### [Exercise]
Begin at the line containing "Which body did" and give again every line to the end of the records, exactly, without the pictures.

### [Image-caption web data]
------------------------------------

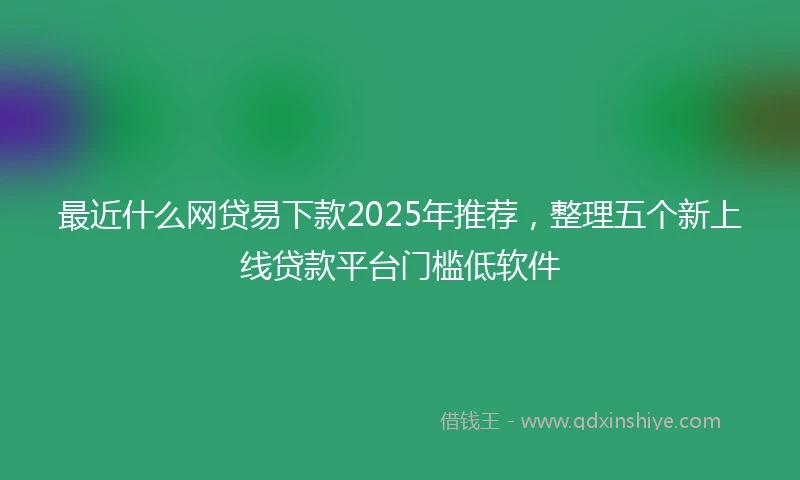 最近什么网贷易下款2025年推荐，整理五个新上线贷款平台门槛低软件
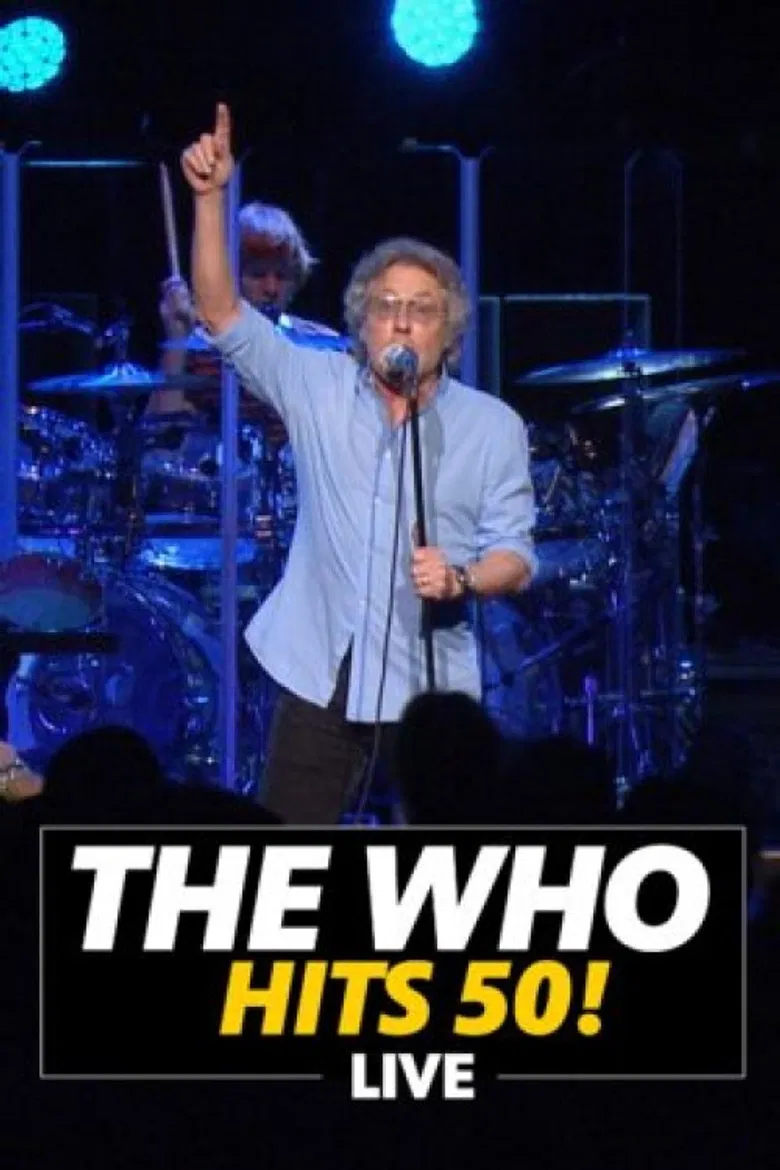 The Who Hits 50! Live poster background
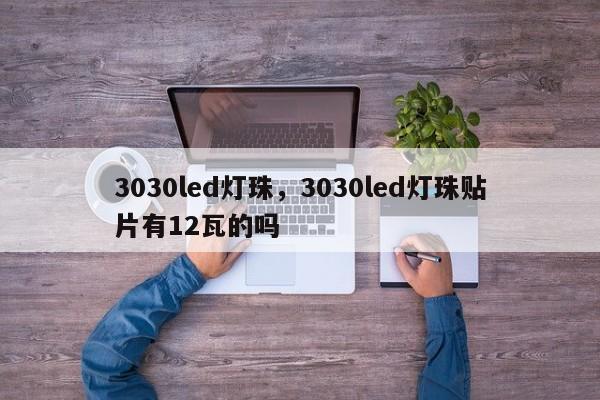 3030led灯珠，3030led灯珠贴片有12瓦的吗-第1张图片-LED灯珠-LED灯珠贴片-LED灯珠厂家台宏光电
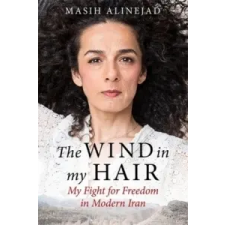  Wind in My Hair – Masih Alinejad idegen nyelvű könyv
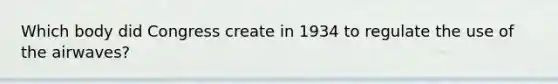 Which body did Congress create in 1934 to regulate the use of the airwaves?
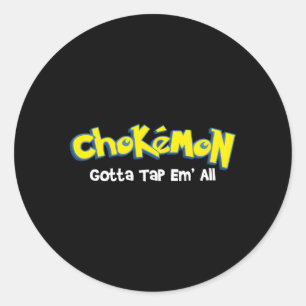 Chokemon Gotta Tap Em All Jiu Jitsu Mma Bjj Kickbo Classic Round Sticker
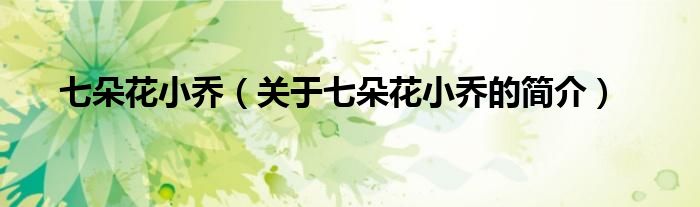 七朵花小喬（關(guān)于七朵花小喬的簡介）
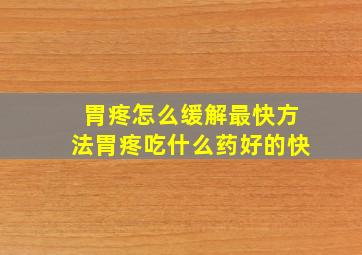 胃疼怎么缓解最快方法胃疼吃什么药好的快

------------------------------------

### [Exercise solution]
 Which body did Congress create in 1934 to regulate the use of the airwaves?
 Chokemon Gotta Tap Em All Jiu Jitsu Mma Bjj Kickbo Classic Round Sticker
 七朵花小喬（關(guān)于七朵花小喬的簡介）
 胃疼怎么缓解最快方法胃疼吃什么药好的快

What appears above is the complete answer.